HSBC web security cracked

The bank's anti-keylogging system is flawed, say researchers

The safety of online banking is again in question, as researchers say the log-in systems used by HSBC and another major high street bank could be easily cracked by keylogging devices.

Cardiff University researchers said they discovered a flaw, which could allow hackers to break into accounts within nine attempts. Unlike many other banks, HSBC asks for a numeric-only passcode and does not regularly change the order of digits it requests, making it easier for hackers to obtain the number.

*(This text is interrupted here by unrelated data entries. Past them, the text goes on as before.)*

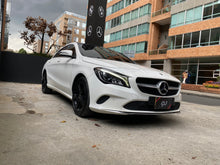 Cargar imagen en el visor de la galería, Mercedes-Benz CLA 180 Modelo 2019
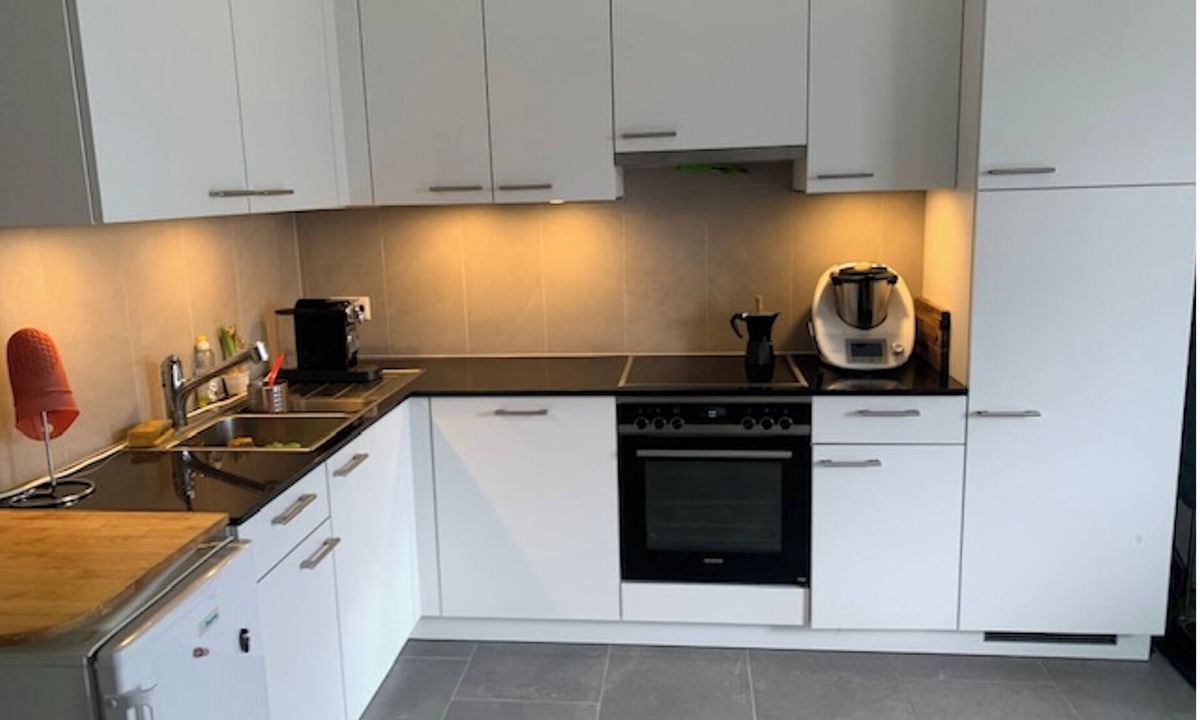 Gilly Apartment | Studio Apt - Beautiful view, free parking!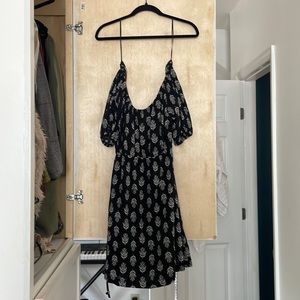 Off the shoulder patterned boho dress!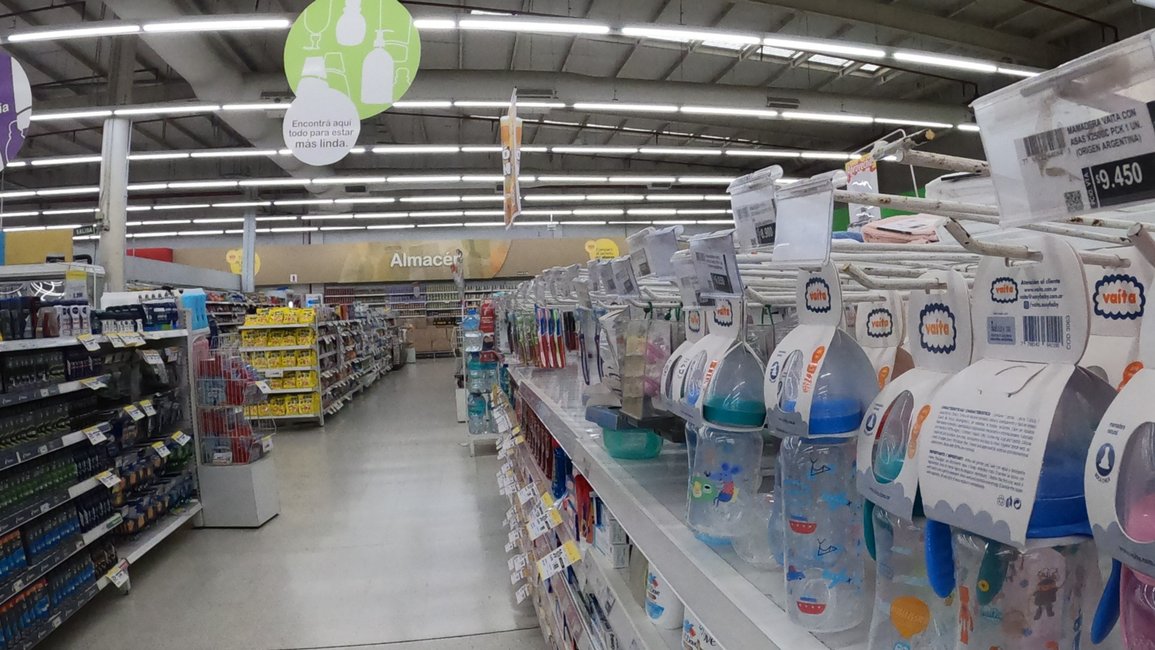 Almacenes y ferias, el desafío para los súper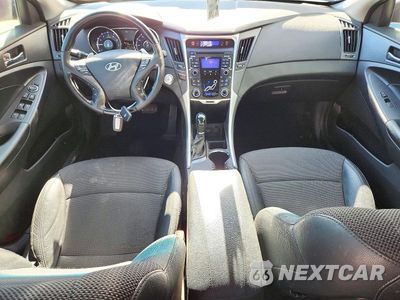 Zdjęcie 8 z 12 samochodu: 2011 HYUNDAI SONATA SE 2.0T VIN:5NPEC4AB9BH189354 - miniatura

"They have an anti-keylogging system that doesn't work – they might as well not have it," said Cambridge University net security expert Richard Clayton. " The only reason it's a theoretical [flaw] is that they're fortunate no bad guys have [exposed it] yet."

Clayton said banks should ask for more authentication when users try to access certain facilities, such as to add new payees.

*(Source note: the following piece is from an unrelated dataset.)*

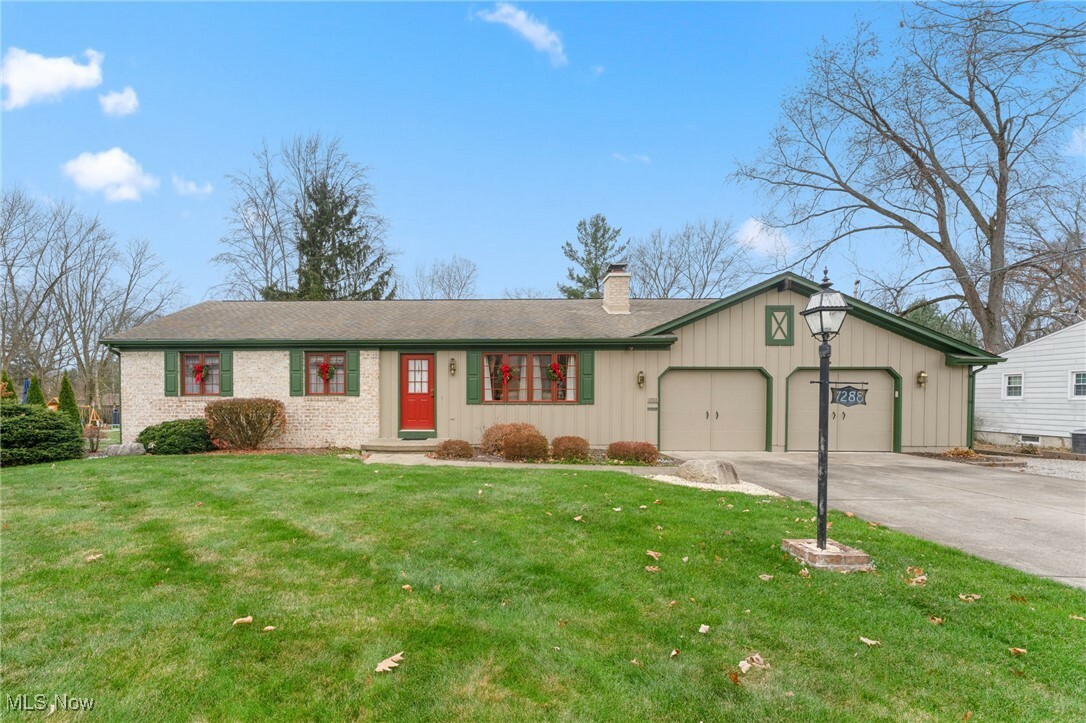 Property Photo:  7288 Clovermeade Avenue  OH 44514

"The deep flaw is that they have the same authentication to do everything," Clayton said. "The problem is that they're all copying each other – none of the online security schemes are perfect but it would be wiser to do something different."

HSBC said in a statement that attacks of this kind are unlikely as they require "a particular and time-consuming focus on one individual", although it invited feedback from experts on its online banking service. "In this instance the supposed flaw uncovered is not one that we have seen criminals use [and] it is not likely to be a profitable way for criminals to behave."